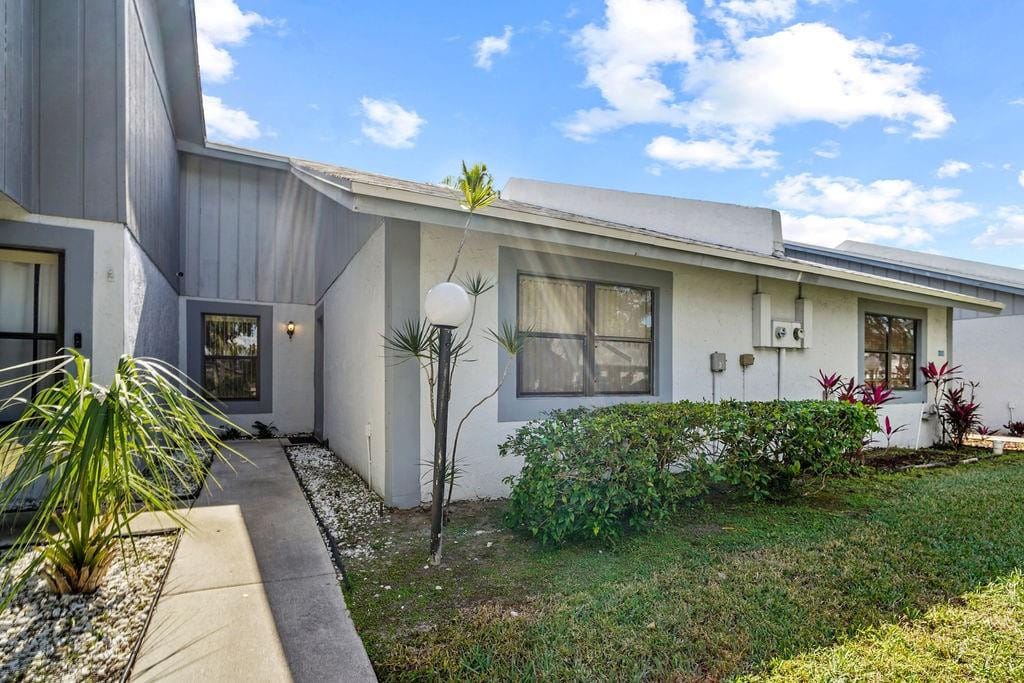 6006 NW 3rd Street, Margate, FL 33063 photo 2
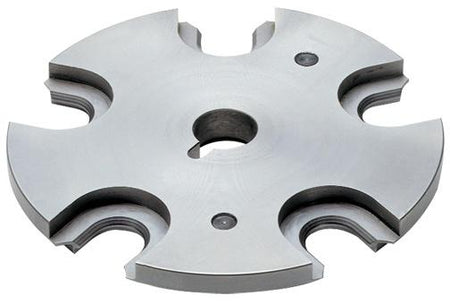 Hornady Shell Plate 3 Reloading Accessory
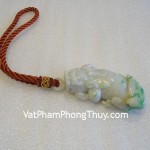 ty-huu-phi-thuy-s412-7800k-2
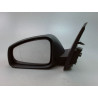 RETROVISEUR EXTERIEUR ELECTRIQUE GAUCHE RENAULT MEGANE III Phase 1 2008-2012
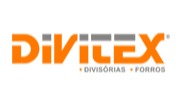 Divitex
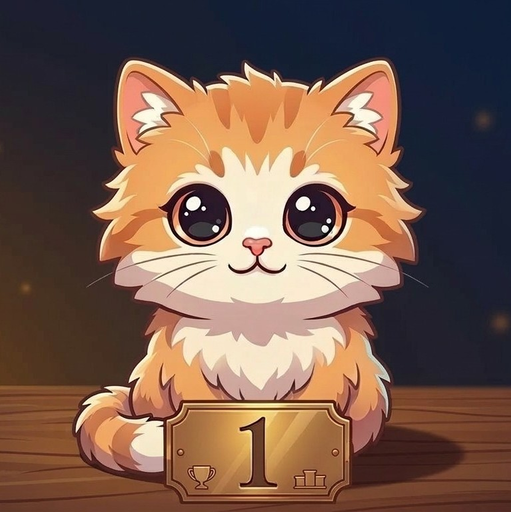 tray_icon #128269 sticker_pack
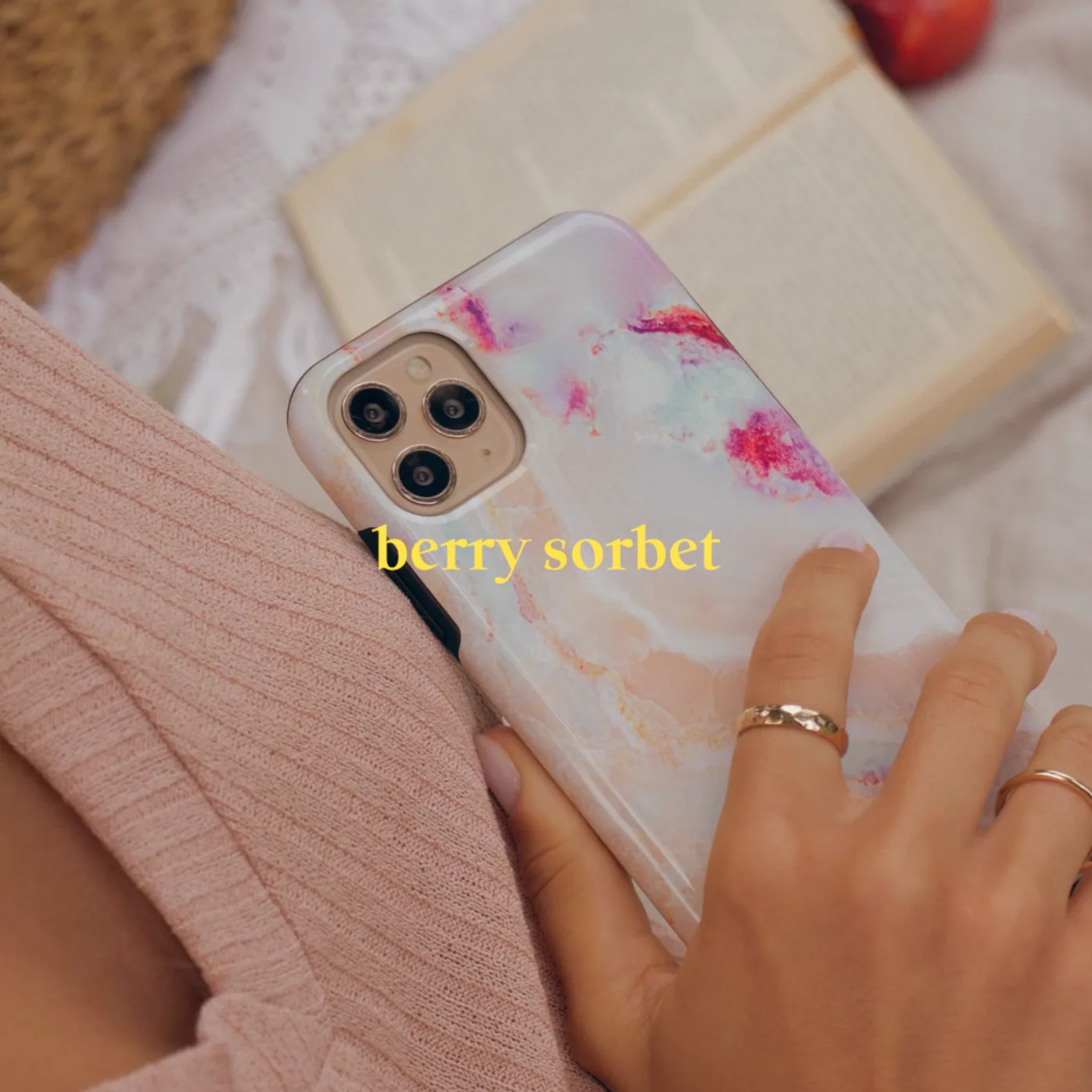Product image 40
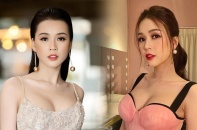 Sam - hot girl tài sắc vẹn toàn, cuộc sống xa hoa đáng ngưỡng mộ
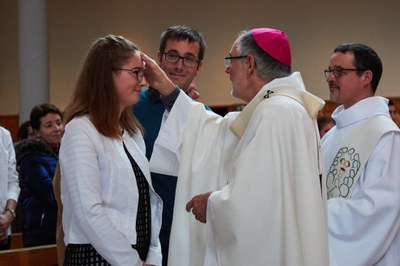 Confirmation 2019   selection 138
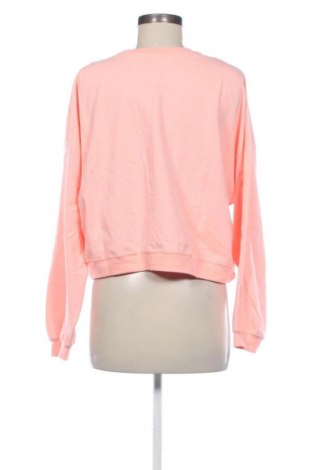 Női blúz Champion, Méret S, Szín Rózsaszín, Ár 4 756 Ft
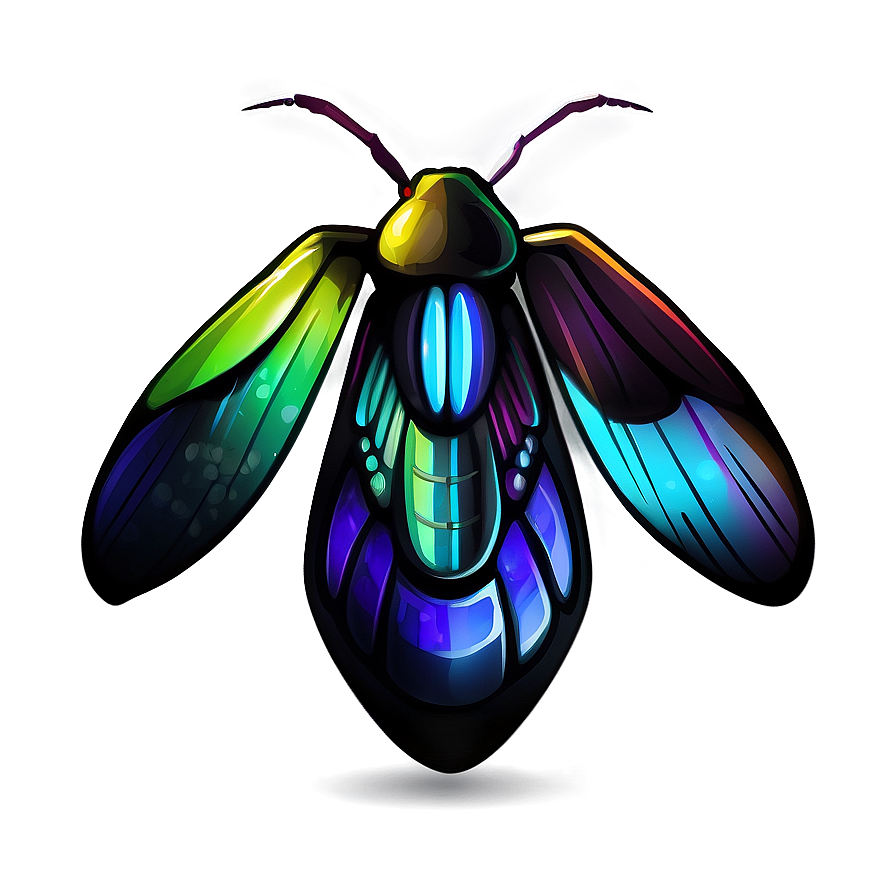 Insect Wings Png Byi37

==*==

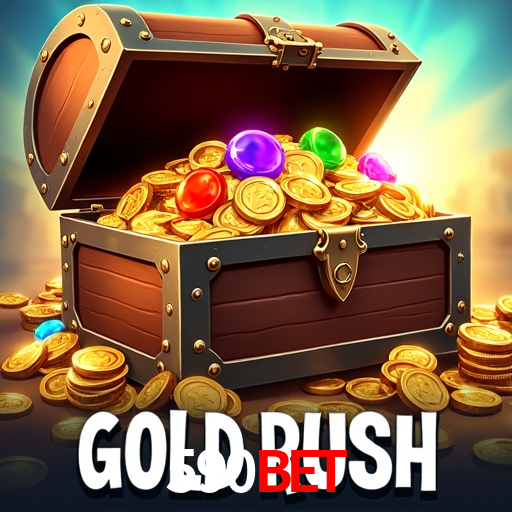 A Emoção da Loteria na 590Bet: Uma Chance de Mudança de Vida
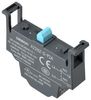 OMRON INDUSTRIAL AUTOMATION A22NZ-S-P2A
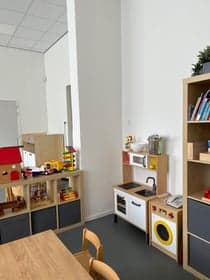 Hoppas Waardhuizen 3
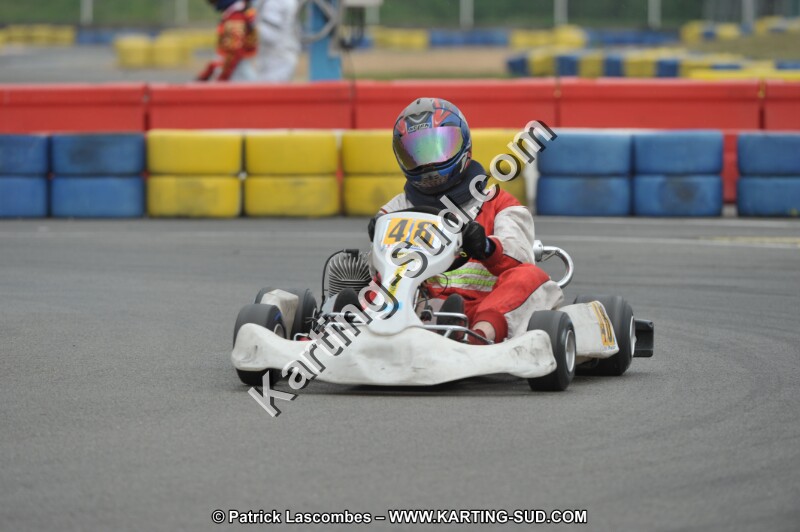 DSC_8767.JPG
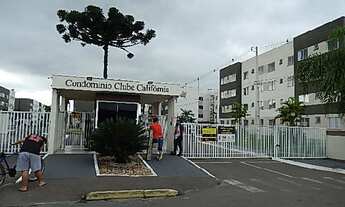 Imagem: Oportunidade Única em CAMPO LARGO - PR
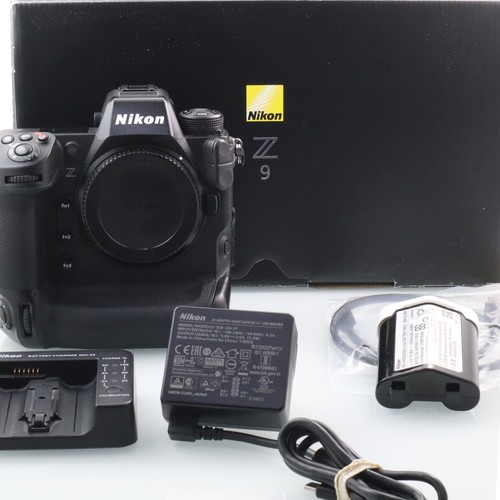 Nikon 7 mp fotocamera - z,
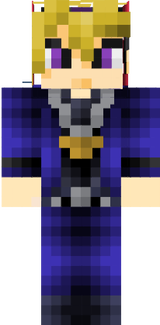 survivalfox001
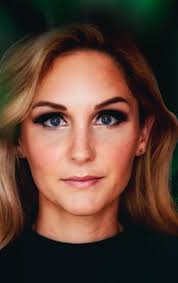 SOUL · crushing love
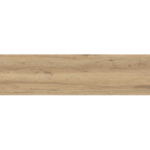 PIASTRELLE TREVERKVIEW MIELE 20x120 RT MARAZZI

==*==

■ Exercise objective:
Return exactly the lines of the material above, starting at the line containing "SOUL · crushing love" and finishing at the line containing "PIASTRELLE TREVERKVIEW MIELE", without any pictures.

■ Answer:
 SOUL · crushing love
 PIASTRELLE TREVERKVIEW MIELE 20x120 RT MARAZZI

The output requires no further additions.